### Exercise inputs

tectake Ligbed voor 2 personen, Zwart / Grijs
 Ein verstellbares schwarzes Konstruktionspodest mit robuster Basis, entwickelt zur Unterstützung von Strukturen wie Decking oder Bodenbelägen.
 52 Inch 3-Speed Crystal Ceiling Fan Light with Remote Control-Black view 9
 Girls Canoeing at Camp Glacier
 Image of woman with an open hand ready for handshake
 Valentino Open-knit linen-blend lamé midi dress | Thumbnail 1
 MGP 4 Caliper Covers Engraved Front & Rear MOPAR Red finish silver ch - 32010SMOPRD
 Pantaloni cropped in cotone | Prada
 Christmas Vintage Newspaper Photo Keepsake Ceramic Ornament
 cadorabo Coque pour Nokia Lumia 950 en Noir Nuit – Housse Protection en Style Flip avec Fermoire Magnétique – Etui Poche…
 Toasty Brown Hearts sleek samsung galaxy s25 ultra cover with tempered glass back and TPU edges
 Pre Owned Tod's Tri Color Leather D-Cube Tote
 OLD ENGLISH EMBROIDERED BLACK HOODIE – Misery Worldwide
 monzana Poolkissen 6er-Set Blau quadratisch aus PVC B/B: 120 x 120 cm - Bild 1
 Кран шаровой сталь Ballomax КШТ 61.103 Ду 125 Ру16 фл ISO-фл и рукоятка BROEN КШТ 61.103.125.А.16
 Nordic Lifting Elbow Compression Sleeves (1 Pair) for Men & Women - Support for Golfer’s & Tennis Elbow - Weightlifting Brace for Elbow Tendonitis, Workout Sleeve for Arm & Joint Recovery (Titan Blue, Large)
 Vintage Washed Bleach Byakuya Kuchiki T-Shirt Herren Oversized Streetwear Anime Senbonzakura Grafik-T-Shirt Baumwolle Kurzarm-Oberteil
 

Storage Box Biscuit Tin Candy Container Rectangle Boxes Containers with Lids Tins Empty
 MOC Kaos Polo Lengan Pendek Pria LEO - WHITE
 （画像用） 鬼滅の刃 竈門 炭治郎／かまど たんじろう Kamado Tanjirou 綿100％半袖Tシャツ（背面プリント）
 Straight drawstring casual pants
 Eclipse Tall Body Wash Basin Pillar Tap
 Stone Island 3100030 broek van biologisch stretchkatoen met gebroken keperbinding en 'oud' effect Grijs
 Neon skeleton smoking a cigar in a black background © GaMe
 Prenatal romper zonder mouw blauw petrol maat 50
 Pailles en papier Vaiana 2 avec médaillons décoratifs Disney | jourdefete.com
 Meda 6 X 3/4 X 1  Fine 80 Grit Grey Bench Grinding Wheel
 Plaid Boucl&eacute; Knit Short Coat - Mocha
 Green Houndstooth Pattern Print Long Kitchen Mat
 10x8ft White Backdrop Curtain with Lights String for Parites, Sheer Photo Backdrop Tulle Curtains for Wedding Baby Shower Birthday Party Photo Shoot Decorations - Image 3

### What you are asked to do
Please reproduce, exactly as they appear above, the lines from the line containing "Stone Island 3100030" up to and including the line containing "Green Houndstooth Pattern".

### Answer box
 Stone Island 3100030 broek van biologisch stretchkatoen met gebroken keperbinding en 'oud' effect Grijs
 Neon skeleton smoking a cigar in a black background © GaMe
 Prenatal romper zonder mouw blauw petrol maat 50
 Pailles en papier Vaiana 2 avec médaillons décoratifs Disney | jourdefete.com
 Meda 6 X 3/4 X 1  Fine 80 Grit Grey Bench Grinding Wheel
 Plaid Boucl&eacute; Knit Short Coat - Mocha
 Green Houndstooth Pattern Print Long Kitchen Mat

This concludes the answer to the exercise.